= Given data =
━━━━━━━━
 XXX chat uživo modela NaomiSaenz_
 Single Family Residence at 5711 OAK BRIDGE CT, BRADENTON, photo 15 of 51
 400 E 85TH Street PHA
━━━━━━━━
= Aim of the exercise =
Reproduce the final stretch of the data above: every line from the one holding "Single Family Residence" through the end, inclusive, exactly as written and nothing else.

= Completed task =
 Single Family Residence at 5711 OAK BRIDGE CT, BRADENTON, photo 15 of 51
 400 E 85TH Street PHA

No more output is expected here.